Table 4. Mean Euroqol 5 Dimension 5 Level instrument (EQ-5D-5L), Adult Social Care Outcomes Toolkit (ASCOT), Modified Barthel Index scores and age by Consumer Choice Index – Six Dimension (CCI-6D) dimension

Notes: 1. Or your family member (as appropriate for proxy participants). 2. Kruskal–Wallis test was used to generate p-values. SD: standard deviation.

CCI-6D and resident function and age

We identified the potential for a relationship between the CCI-6D and age and physical function (Modified Barthel Index). There was a strong relationship between responses to the dimensions Outside and Gardens and Meaningful Activities and physical function (Modified Barthel Index), and a weak relationship with Own Room dimension, but not with the remaining dimensions. Relationships were in the expected direction (i.e. a higher level of physical function for those indicating better access to Outside and Gardens and Meaningful Activities) and post hoc tests indicated significant differences in Barthel scores between the highest and middle and the highest and lowest response levels for both dimensions.
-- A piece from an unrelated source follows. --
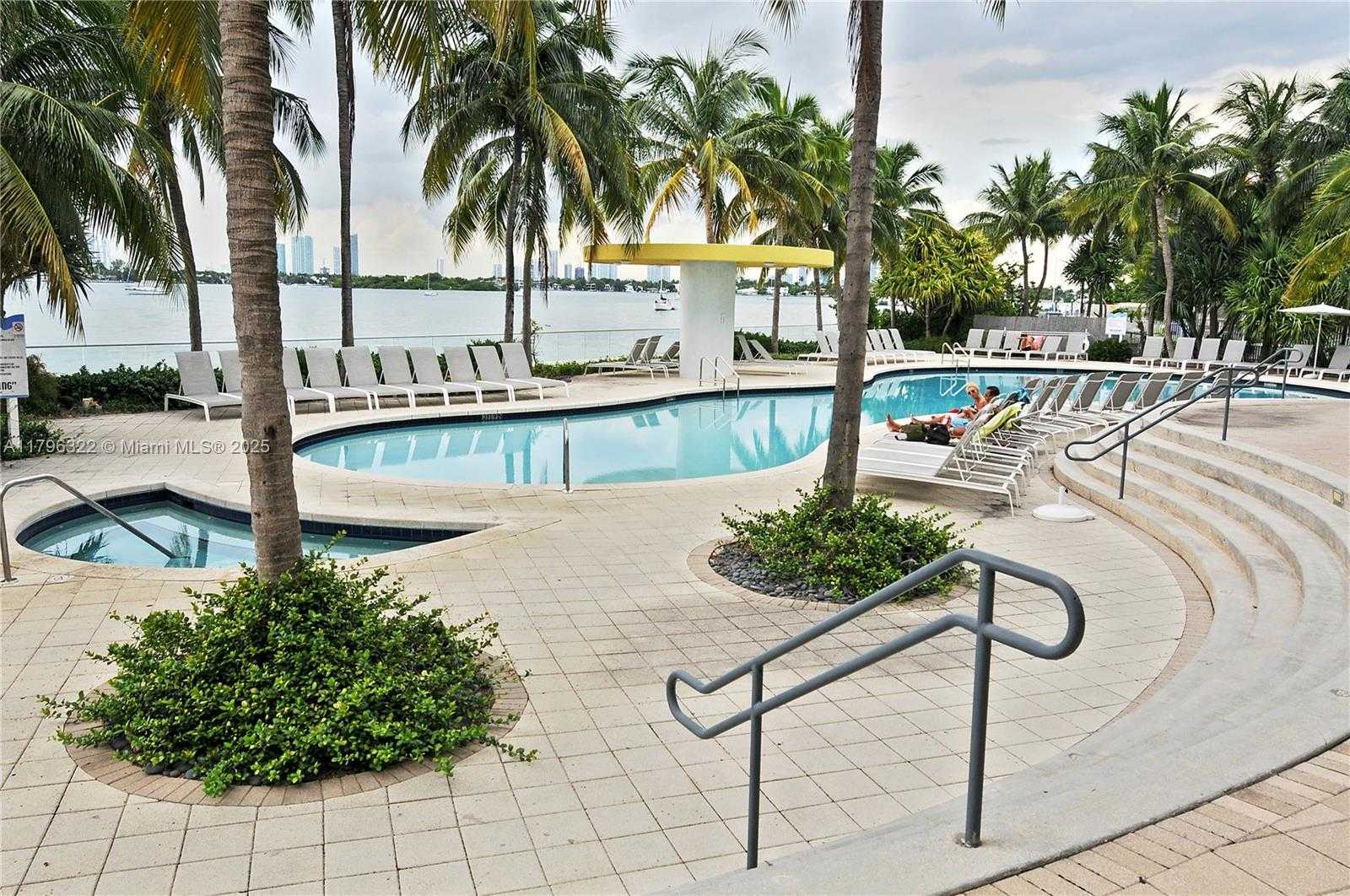 Small Image of 1330 WEST AVE #2906, Miami Beach Number 13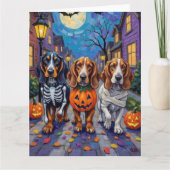 Basset Hound Hunde Trick-or-Treating zu Halloween Karte (Vorderseite)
Age did not show a significant relationship with responses to any of the dimensions, except for a weak relationship with access to Outside and Gardens.

The results of the tests of the hypothesised relationships between the individual variables and the dimensions of the CCI-6D are described below. The significance of the relationships between the six CCI-6D dimensions and the extent of control and flexibility in care, self-reported psychological wellbeing, social and occupational engagement, and the physical institutional environment are shown in Table 5, with the nature and direction of the association reported in the text.

Table 5. Significance of relationship between Consumer Choice Index – Six Dimension (CCI-6D) dimensions and associated quality of life, and model of care characteristics (p-values1)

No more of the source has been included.